Speaking at his Monday Night Live keynote, DeSantis said AWS has been working for the last decade to make supercomputing in the cloud a possibility.
"Over the past year we've seen this goal become reality," he said.
According to DeSantis, there's no precise definition of an HPC workload, but he said the one constant is that it is way too big to fit on a single server.
"What really differentiates HPC workloads is the need for high performance networking so those servers can work together to solve problems," he said, talking on the eve of AWS re:Invent about what the focus of the cloud giant's annual Las Vegas get together will be.
"Do I care about HPC? I hope so, because HPC impacts literally every aspect of our lives … the big, hard problems in science and engineering."
See also: How higher-ed researchers leverage supercomputers in the fight for funding (TechRepublic)
DeSantis explained that typically in supercomputing, each server works out a portion of the problem, and then all the servers share the results with each other.
"This information exchange allows the servers to continue doing their work," he said. "The need for tight coordination puts significant pressure on the network."
To scale these HPC workloads effectively, DeSantis said a high-performance, low-latency network is required.
"If you look really closely at a modern supercomputer, it really is a cluster of servers with a purpose-built, dedicated network … network provides specialised capabilities to help run HPC applications efficiently," he said.
In touting the cloud as the best place to run HPC workloads, DeSantis said the "other" problem with physical supercomputers is they're custom built, which he said means they're expensive and take years to procure and stand up.

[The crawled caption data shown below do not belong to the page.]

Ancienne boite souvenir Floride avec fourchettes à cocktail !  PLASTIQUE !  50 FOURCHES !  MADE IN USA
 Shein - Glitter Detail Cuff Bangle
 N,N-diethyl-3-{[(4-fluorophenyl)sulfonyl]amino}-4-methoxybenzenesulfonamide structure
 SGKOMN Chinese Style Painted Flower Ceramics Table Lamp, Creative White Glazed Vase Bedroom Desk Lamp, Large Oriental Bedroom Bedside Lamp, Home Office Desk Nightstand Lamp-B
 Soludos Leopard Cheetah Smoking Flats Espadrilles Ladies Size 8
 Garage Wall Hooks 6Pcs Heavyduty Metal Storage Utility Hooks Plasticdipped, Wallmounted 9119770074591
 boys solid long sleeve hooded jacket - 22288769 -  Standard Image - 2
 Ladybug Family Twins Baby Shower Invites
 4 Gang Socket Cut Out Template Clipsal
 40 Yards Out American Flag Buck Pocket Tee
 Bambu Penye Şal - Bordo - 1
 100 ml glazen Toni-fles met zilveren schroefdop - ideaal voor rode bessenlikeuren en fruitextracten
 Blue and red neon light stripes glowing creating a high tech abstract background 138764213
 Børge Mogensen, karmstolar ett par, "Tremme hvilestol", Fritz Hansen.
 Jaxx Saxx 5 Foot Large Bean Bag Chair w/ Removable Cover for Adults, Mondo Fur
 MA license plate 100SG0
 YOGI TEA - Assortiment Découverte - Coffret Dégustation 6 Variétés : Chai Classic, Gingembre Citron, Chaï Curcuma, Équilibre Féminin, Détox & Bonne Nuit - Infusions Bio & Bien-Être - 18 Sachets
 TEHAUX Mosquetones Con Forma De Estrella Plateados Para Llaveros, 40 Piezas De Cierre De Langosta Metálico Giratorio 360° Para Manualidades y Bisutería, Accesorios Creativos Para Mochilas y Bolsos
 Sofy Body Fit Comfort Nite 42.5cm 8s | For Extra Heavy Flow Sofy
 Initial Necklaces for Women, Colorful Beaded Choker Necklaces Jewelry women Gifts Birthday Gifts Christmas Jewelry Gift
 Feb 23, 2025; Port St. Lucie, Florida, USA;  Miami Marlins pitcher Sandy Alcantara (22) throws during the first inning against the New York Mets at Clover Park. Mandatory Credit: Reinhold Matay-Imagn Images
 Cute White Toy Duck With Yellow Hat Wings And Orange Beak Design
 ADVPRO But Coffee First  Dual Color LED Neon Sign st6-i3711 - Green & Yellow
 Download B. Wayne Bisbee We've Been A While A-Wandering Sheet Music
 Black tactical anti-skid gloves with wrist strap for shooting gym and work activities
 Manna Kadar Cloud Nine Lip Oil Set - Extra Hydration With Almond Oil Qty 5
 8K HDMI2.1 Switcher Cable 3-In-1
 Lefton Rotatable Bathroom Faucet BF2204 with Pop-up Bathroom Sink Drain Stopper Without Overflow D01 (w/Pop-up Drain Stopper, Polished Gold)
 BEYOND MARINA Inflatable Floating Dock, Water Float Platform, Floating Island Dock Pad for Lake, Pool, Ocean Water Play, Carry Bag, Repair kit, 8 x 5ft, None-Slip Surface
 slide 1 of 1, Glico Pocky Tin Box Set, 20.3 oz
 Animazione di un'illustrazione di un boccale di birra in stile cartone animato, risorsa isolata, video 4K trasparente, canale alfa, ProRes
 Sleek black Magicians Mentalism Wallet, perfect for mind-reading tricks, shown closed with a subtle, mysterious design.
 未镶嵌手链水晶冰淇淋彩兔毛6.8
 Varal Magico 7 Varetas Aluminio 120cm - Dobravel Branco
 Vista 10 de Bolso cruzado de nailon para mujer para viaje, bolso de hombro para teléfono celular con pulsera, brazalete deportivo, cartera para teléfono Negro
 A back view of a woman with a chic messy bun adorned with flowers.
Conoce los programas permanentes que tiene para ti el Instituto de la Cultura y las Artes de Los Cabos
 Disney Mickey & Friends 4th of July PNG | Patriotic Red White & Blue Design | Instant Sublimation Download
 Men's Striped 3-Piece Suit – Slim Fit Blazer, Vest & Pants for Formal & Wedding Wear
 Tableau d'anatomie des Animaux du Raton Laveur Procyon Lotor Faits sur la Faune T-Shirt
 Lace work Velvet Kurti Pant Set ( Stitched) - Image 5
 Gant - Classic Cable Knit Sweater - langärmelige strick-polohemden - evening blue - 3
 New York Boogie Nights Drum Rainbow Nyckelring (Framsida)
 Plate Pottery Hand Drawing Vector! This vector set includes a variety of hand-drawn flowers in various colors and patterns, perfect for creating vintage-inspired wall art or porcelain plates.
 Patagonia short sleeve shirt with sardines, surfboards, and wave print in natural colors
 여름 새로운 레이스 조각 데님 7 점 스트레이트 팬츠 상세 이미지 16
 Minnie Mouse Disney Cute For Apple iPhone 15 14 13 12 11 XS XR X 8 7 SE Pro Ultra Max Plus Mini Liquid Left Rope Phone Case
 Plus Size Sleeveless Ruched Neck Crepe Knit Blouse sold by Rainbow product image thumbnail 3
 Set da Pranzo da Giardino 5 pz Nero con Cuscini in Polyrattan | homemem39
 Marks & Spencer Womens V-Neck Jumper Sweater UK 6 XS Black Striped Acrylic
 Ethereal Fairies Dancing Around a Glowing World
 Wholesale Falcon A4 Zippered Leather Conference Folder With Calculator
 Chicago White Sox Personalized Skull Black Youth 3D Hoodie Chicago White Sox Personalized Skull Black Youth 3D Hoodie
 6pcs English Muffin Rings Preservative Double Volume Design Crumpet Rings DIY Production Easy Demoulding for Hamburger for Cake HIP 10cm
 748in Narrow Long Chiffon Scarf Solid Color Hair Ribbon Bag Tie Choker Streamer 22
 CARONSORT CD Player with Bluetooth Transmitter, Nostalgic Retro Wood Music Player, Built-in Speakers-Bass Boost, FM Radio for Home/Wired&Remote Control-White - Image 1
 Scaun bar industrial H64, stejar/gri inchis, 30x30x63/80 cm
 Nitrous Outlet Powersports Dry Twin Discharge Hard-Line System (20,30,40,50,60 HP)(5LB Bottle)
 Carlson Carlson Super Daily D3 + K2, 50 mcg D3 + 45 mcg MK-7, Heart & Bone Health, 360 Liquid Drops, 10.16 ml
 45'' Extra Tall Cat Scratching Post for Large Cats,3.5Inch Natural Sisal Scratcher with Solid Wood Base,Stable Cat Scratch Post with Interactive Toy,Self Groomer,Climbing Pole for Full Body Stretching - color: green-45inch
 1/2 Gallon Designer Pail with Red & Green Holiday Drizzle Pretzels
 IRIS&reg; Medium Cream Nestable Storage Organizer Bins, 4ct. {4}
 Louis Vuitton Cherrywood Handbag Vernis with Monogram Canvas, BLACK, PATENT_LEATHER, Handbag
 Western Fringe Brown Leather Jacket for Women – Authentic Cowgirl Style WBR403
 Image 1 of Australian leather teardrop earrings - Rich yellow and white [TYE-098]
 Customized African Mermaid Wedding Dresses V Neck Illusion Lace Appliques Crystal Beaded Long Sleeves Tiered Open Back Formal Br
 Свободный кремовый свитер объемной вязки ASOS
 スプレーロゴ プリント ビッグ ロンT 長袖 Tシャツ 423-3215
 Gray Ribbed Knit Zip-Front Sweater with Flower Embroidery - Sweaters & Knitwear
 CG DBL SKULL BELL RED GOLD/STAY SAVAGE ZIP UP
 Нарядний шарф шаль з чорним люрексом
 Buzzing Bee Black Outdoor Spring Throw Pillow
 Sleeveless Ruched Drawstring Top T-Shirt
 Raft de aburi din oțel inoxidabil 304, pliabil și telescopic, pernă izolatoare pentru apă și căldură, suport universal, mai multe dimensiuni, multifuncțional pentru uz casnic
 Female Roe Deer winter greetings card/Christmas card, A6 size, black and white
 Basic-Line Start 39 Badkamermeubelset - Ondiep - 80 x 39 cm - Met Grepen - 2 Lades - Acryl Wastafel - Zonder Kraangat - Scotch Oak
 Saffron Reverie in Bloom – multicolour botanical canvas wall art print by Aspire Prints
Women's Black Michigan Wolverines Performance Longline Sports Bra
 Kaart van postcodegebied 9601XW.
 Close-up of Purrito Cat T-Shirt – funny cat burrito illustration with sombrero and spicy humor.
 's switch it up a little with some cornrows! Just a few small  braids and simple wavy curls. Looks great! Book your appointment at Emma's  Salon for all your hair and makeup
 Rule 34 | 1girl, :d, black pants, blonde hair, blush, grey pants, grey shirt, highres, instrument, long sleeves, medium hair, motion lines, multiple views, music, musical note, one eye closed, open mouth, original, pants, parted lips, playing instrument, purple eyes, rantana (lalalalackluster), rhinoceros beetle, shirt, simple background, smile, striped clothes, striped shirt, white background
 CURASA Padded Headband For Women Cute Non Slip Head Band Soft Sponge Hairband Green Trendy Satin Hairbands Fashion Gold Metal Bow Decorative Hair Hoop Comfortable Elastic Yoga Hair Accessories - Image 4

"One of the benefits of cloud computing is elasticity," he continued.
Another problem AWS wants to fix with supercomputing in the cloud is the democratisation element, with DeSantis saying one issue is getting access to a supercomputer.
"Usually only the high-value applications have access to the supercomputer," he said.
"With more access to low-cost supercomputing we could have safer cars … we could have more accurate forecasting, we could have better treatment for diseases, and we can unleash innovation by giving everybody [access].
"If we want to reinvent high performance computing, we have to reinvent supercomputers."
AWS also wants to reinvent machine learning infrastructure.
"Machine learning is quickly becoming an integral part of every application," DeSantis said.
However, the optimal infrastructure for the two components of machine learning -- training and inference -- are very different.
"A good machine learning dataset is big, and they're getting bigger … and training involves doing multiple passes through your training data," De Santis said.
"We're excited in investments we've made in HPC and it's helping us with machine learning."
Earlier on Monday, Formula 1 announced it had partnered with AWS to carry out simulations that it says has resulted in the car design for the 2021 racing season, touting the completion of a Computational Fluid Dynamics (CFD) project that simulates the aerodynamics of cars while racing.
The CFD project used over 1,150 compute cores to run detailed simulations comprised of over 550 million data points that model the impact of one car's aerodynamic wake on another.
Asha Barbaschow travelled to re:Invent as a guest of AWS.